Likelihood ratio approaches are commonly used in a variety of forensic disciplines, as they allow the weighing of different evidence against one another.¹⁶ There have been several approaches to implement likelihood ratios in float glass forensics.^12,13,17,18 However, their application requires large databases that are prone to systematic errors and a bias in the database can severely limit its applicability. Samples that were all gathered from the same manufacturing plant in a short time period can show very similar concentrations. As a result, real case samples can appear too diverse compared to the database and the results are meaningless for matching.¹⁴ Optimally, real case samples are used to form a database such as the BKA database of the German Federal Police.¹⁹ This database has shown to be an excellent diverse training set for these purposes. The exact number of samples required varies depending on the number of determined elements in the method and the statistical approach. However, an estimate can be made to require at least several hundreds of sources. Additionally, as there are regional differences in raw materials and glass manufacturing, the applicability of one database on a global scale is uncertain.¹⁷ Furthermore, the requirement of a large scale database for each forensic institute would be associated with a significant amount of labour and samples.

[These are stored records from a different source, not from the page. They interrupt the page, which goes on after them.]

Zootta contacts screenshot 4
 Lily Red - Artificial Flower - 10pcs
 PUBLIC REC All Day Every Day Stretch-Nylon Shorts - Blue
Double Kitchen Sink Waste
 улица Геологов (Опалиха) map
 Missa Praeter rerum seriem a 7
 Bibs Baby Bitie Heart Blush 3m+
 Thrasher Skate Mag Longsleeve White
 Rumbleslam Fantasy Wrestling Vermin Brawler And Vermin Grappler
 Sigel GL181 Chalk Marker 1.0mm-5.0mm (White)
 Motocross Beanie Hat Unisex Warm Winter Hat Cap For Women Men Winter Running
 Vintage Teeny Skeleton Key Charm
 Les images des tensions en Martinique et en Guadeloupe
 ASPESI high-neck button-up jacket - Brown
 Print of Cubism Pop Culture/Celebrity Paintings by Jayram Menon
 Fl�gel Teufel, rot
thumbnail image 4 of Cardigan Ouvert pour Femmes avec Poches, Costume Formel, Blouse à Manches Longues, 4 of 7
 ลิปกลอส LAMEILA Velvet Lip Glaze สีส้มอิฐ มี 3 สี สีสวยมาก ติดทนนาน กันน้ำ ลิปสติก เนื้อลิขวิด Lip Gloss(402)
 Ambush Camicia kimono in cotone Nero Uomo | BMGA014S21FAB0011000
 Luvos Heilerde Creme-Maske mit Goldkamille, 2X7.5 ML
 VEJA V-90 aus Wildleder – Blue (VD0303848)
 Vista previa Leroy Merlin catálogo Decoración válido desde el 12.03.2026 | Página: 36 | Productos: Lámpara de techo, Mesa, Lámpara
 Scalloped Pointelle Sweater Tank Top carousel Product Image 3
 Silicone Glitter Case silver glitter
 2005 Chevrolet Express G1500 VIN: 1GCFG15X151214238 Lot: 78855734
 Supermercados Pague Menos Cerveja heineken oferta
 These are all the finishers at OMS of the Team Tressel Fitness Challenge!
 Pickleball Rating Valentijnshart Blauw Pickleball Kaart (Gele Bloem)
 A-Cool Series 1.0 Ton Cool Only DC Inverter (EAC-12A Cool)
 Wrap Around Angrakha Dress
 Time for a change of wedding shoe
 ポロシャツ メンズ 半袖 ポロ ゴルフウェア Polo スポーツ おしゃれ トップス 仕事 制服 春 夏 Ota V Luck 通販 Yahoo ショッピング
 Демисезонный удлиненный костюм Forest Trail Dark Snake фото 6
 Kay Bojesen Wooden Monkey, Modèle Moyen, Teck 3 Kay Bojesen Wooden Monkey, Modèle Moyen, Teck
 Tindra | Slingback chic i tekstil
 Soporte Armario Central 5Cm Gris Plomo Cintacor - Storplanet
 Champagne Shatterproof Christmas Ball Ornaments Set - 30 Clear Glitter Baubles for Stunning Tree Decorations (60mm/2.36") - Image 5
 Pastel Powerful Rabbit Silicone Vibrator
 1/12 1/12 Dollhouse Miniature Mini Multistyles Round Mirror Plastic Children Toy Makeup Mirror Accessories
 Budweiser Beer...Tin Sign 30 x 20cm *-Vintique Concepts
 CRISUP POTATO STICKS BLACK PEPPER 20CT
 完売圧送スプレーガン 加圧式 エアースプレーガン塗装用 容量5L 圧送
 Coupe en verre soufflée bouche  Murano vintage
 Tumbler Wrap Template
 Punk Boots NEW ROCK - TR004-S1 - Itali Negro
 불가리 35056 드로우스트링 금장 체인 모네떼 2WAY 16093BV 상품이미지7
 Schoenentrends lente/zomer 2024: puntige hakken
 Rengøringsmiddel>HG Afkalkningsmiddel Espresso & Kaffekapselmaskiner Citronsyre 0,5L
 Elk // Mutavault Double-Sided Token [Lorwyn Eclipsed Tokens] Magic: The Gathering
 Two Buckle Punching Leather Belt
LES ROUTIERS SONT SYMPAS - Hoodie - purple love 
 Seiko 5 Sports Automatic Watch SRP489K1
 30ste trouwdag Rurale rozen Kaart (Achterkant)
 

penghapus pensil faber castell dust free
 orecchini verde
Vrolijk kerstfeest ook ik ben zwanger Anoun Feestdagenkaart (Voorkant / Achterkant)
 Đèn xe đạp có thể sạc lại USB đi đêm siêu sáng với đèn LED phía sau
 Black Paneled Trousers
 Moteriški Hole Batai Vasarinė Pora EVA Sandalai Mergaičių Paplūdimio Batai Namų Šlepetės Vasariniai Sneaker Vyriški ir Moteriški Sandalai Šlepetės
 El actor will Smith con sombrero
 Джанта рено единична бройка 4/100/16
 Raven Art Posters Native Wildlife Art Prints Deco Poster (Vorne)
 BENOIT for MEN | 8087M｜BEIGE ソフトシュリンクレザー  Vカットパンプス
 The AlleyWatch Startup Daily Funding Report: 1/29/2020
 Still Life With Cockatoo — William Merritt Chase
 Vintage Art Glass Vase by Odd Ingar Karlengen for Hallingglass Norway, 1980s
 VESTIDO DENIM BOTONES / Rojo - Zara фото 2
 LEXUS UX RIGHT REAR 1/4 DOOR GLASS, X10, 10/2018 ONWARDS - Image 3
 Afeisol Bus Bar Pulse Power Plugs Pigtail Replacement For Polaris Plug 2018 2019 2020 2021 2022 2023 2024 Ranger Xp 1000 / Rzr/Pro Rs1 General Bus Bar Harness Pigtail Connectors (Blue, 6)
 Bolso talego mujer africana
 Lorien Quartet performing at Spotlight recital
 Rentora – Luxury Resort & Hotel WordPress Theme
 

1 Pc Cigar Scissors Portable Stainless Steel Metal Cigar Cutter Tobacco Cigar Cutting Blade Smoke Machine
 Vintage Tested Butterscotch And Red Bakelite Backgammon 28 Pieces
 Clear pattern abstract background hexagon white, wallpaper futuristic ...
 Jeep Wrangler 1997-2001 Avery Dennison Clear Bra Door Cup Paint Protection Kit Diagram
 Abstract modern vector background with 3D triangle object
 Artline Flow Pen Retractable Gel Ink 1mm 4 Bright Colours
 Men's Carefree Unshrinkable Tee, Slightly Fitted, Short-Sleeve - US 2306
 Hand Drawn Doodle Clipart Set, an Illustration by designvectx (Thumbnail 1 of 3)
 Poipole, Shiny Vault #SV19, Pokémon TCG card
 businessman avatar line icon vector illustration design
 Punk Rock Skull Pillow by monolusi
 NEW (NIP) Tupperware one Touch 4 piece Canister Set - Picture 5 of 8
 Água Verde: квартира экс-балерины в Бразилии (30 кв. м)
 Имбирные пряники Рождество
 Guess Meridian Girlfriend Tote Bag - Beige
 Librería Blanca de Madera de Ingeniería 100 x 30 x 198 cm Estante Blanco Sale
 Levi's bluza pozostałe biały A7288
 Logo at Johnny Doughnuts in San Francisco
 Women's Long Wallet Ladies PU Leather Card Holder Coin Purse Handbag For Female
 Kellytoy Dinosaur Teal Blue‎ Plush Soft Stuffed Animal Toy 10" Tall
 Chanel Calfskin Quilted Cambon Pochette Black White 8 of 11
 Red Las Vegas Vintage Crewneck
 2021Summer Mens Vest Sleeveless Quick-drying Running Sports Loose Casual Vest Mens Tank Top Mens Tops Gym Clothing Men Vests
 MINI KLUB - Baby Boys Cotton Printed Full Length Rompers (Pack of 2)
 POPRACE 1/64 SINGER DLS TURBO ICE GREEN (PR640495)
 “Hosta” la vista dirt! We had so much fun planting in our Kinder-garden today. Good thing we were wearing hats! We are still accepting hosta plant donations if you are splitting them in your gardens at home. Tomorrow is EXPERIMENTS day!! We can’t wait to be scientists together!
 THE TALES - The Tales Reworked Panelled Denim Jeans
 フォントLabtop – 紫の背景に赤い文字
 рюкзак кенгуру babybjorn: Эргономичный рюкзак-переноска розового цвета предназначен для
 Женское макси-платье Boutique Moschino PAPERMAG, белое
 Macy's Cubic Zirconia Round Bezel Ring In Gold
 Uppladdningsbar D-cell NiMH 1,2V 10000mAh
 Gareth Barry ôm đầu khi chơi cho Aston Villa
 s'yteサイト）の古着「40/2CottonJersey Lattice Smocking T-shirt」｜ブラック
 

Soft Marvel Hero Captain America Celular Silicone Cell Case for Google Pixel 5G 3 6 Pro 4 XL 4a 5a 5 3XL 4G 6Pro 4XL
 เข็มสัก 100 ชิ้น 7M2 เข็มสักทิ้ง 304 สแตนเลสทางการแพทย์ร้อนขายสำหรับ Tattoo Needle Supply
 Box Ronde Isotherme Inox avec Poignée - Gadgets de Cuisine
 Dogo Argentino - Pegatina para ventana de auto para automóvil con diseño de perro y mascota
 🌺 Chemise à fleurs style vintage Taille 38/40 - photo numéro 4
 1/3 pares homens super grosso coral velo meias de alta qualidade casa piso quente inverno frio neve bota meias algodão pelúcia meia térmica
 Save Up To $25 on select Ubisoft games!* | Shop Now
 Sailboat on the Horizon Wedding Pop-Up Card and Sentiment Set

In contrast, a more straightforward method is interval-based matching. A permitted deviation is set for every element concentration in a sample. If another sample's element concentrations are all within the resulting interval, the samples are considered “a match”. This approach is the basis for the currently established and generally applied standard method,⁶ although deviations have been proposed and used based on empirical successes.^4,11 However, the method suffers from an all-or-nothing (“Fall off the cliff”) effect, where samples are either a match or a mismatch and no information on likelihood or similarity is given. Therefore, despite the low error rates and simplicity of the method, the need for alternative methods continues to exist.

Direct application of statistical tests has proven to be difficult. Pairwise comparison of individual elements result in the multiple comparisons problem,²⁰ while multivariate statistics require more observations than possible with the currently established method. As such in a previous study, a proof of concept was made for a method using single pulse LA-ICPMS with the goal of increasing the amount of observations. This method makes use of a low dispersion, two volume ablation cell to resolve individual laser pulses and analyse the samples pulse by pulse. This increased the amount of data points and information per sample. While using 25× less material, comparable results were achieved.²¹ However, higher standard deviations were observed which negatively affected the error rates of matching. Within this work, this method is revisited with a larger number of samples and data were acquired using improved instrumentation. Furthermore, the method was validated based on different statistical approaches to reduce the amount of samples that are currently too small for established methods.

Experimental

Instrumentation

All experiments in this work were carried out using an ArF excimer laser (193 nm, GeoLas C, Lambda Physik, Göttingen) equipped with either a parallel flow ablation cell (PFAC, as described by Neff et al.),²² or a modified PFAC (MPFAC) with the bottom opening widened from 1.5 mm to 3.5 mm (Fig. 1). These changes were made to improve the reproducibility of washout durations using larger spot sizes. The PFAC was designed for fastest washout using small spot sizes for imaging purposes and struggles with the direct aerosol transport for larger spot sizes. In contrast, the newly designed MPFAC results in longer washouts for small spot sizes, but shorter washouts for larger spot sizes as direct aerosol transport is still possible. These changes are discussed below in more detail. The ablation cell was operated with a mixture of helium (99.999%, PanGas AG, Dagmersellen, Switzerland) and argon (99.999%, PanGas AG, Dagmersellen, Switzerland). The ablation cell was equipped with a 3-D XYZ stage that can be controlled simultaneously with the laser trigger and data acquisition of the ICP-MS. This allowed for the acquisition of binned data that facilitated data treatment of single pulse laser ablation. A more detailed explanation of this system was described by Neff et al.²³ The ablation cell was coupled to an ICP-TOFMS instrument (icpTOF2R, TOFWERK AG, Thun, Switzerland) for quasi-simultaneous detection of the entire mass range.²⁴ The measurements were carried out in reaction cell mode, using a consistent flow of 2 mL min⁻¹ of hydrogen gas (99.9999%, PanGas AG, Dagmersellen, Switzerland). Operating conditions for laser and ICPMS are summarized in Table 1.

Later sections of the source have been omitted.